In [1]:
import pandas as pd
import numpy as np
import xgboost as xgb
from sklearn.preprocessing import LabelEncoder, OrdinalEncoder
from sklearn import metrics 
import shap

In [86]:
default_params = {
    'objective': 'multi:softprob',
    'num_class' : 3,
    'seed' : 11062025,
}

In [3]:
data = pd.read_csv('Data/processed/data_for_model.csv')
pbp_data = pd.read_parquet('Data/play_by_play_2023.parquet')
pbp_data = pbp_data[['play_id', 'old_game_id', 'cp']]
pbp_data['play_id'] = pbp_data['play_id'].astype(int)
pbp_data['game_id'] = pbp_data['old_game_id'].astype(int)
supplementary_data = pd.read_csv('Data/supplementary_data.csv')
data = data.merge(pbp_data, on = ['game_id', 'play_id'], how = 'inner')

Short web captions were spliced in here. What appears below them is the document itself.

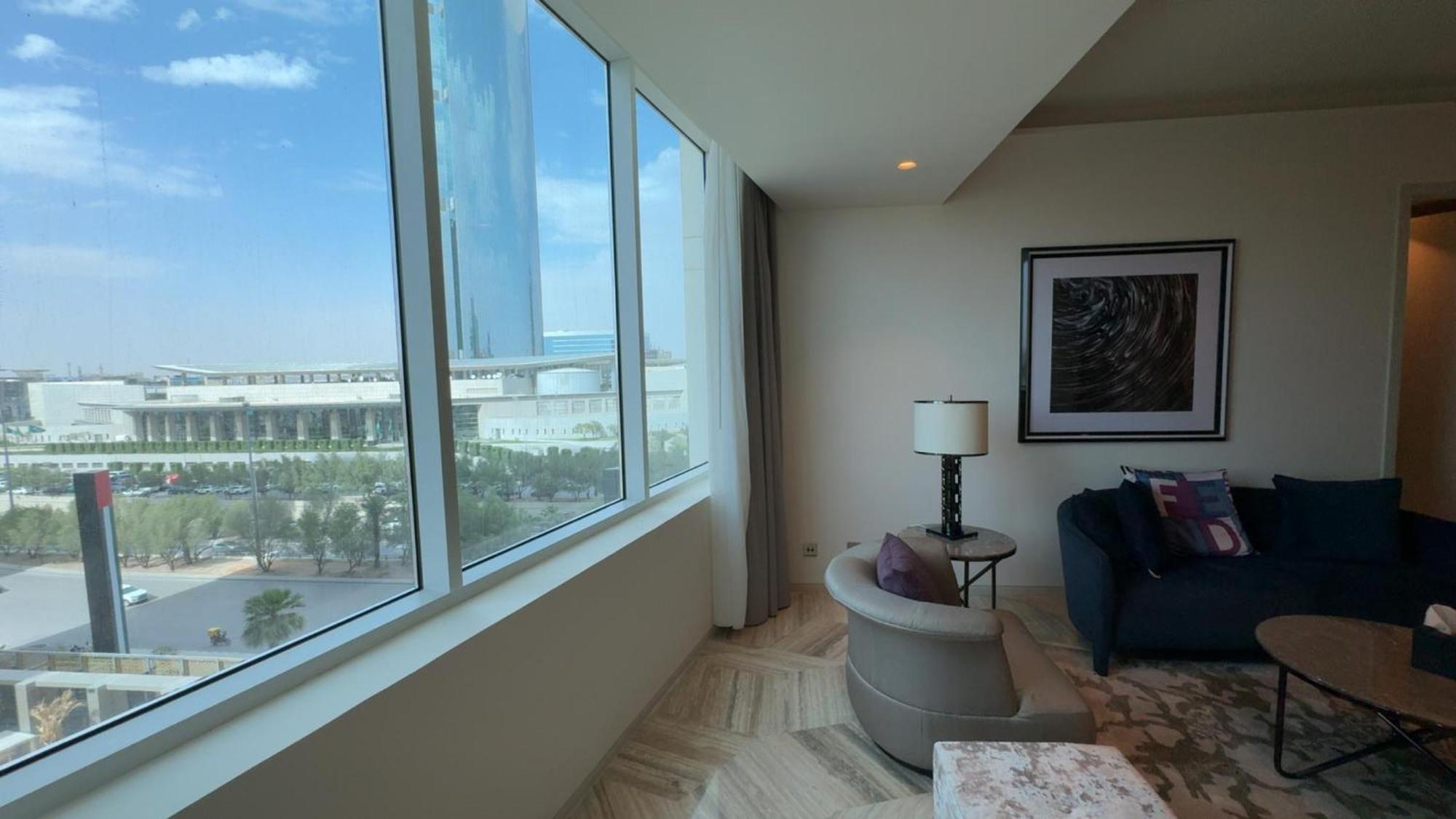 Apartment 4leisure Damac Esclusiva Towers Riyadh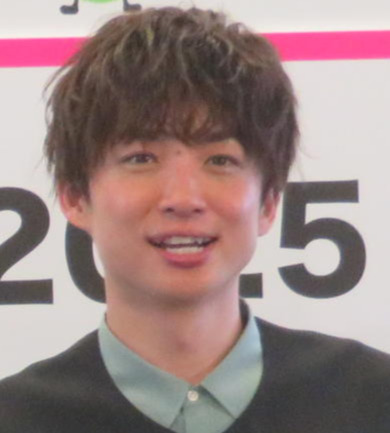 河井ゆずる（2025年3月撮影）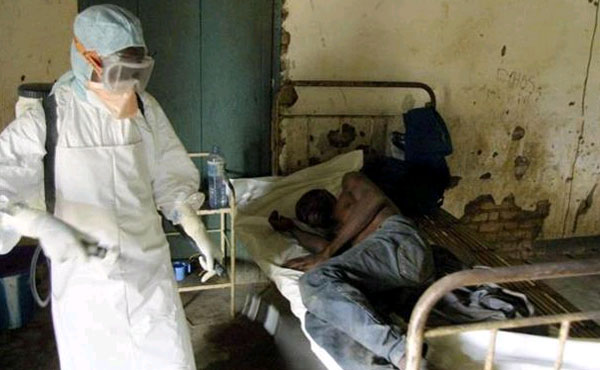 Ebola es una enfermedad mortal y sumamente contagiosa.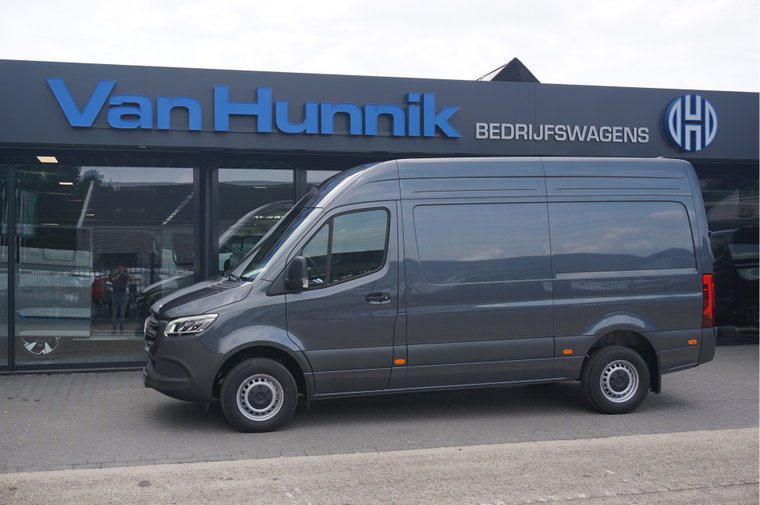 Foto van Mercedes-Benz Sprinter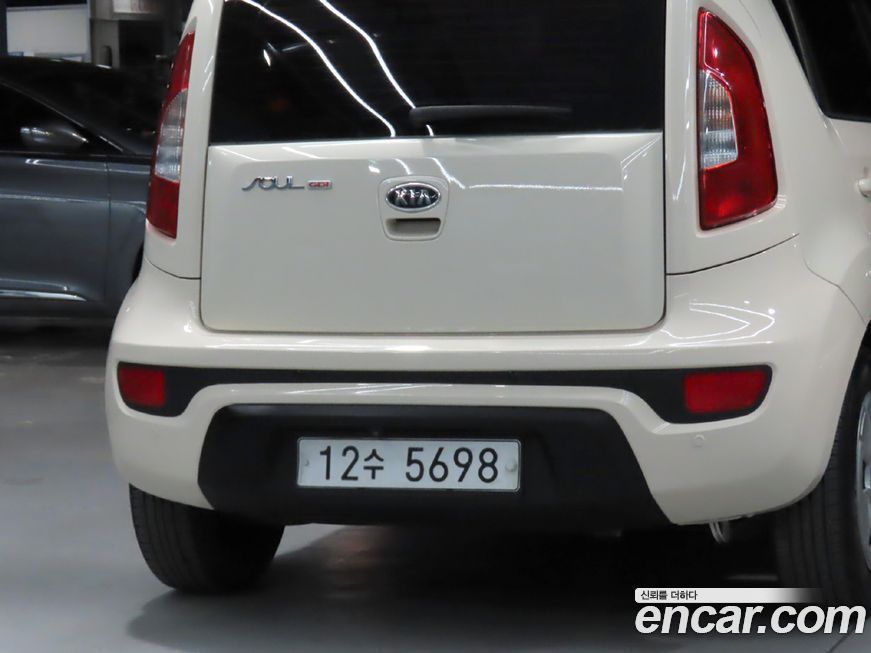 Kia Soul 2012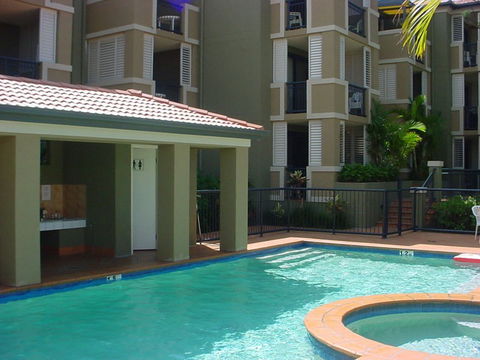 Beaches On Wave Street - Accommodation Mount Tamborine 1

  supplementary_data = pd.read_csv('Data/supplementary_data.csv')


In [4]:
for col in data.select_dtypes(include=['int64']).columns:
    data[col] = data[col].astype(int)
for col in data.select_dtypes(include=['float64']).columns:
    data[col] = data[col].astype(float)
data['player_height'] = data['player_height'].apply(lambda x: int(x.split('-')[0])*12 + int(x.split('-')[1]))
data['seconds_left'] = data['game_clock'].apply(lambda x: int(x.split(':')[0])*60 + int(x.split(':')[1]))
extra_seconds = {1: 60*15*3, 2: 60*15*2, 3: 60*15, 4: 0}
data['seconds_left'] = data['seconds_left'] + data['quarter'].map(extra_seconds)
data['player_position'] = data['player_position'].astype('category')
data['play_action'] = data['play_action'].astype('category')
data['dropback_type'] = data['dropback_type'].astype('category')
data['team_coverage_type'] = data['team_coverage_type'].astype('category')
data['route_of_targeted_receiver'] = data['route_of_targeted_receiver'].astype('category')
data['qb_hit'] = data['qb_hit'].astype('category')
data['down'] = data['down'].astype('category')
data['outcome'] = data['outcome'].astype('category')

In [5]:
X = data.drop(['game_id', 'play_id', 'player_name', 'disruption', 'pd', 'int', 'quarter', 'game_clock',
               'pass_result', 'outcome', 'old_game_id', 'cp'], axis = 1)

enc = LabelEncoder()
y = data[['outcome', 'week']].copy()
y['outcome'] = enc.fit_transform(y['outcome']) #0 = complete, 1 = disruption, 2 = incomplete

In [43]:
def get_model_performance(file_path, data, training_data, validation_data, y_train, y_validate, week):
    loaded_model = xgb.Booster()
    loaded_model.load_model(file_path)

    validation_probabilities = loaded_model.predict(validation_data)
    validation_predictions = np.argmax(validation_probabilities, axis=1)
    validation_counts = np.bincount(validation_predictions)
    validation_accuracy = metrics.accuracy_score(validation_predictions, y_validate)
    #print(f'Validation data has {(np.sum(y_validate == 0, axis=0).values[0])} completions, {(np.sum(y_validate == 2, axis=0).values[0])} incompletions and {(np.sum(y_validate == 1, axis=0).values[0])} breakups')
    #print(f'Predicted {validation_counts[0]} completions, {validation_counts[2]} incompletions, and {validation_counts[1]} breakups, Accuracy: {np.round(validation_accuracy, 5)}')
    
    incompletion_predictions = [1 if x == 2 else x for x in validation_predictions]
    validation_incompletions = [1 if x == 2 else x for x in y_validate.outcome]
    validation_incompletion_accuracy = metrics.accuracy_score(incompletion_predictions, validation_incompletions)
    #print(f'Prediction incompletion accuracy {np.round(validation_incompletion_accuracy, 5)}')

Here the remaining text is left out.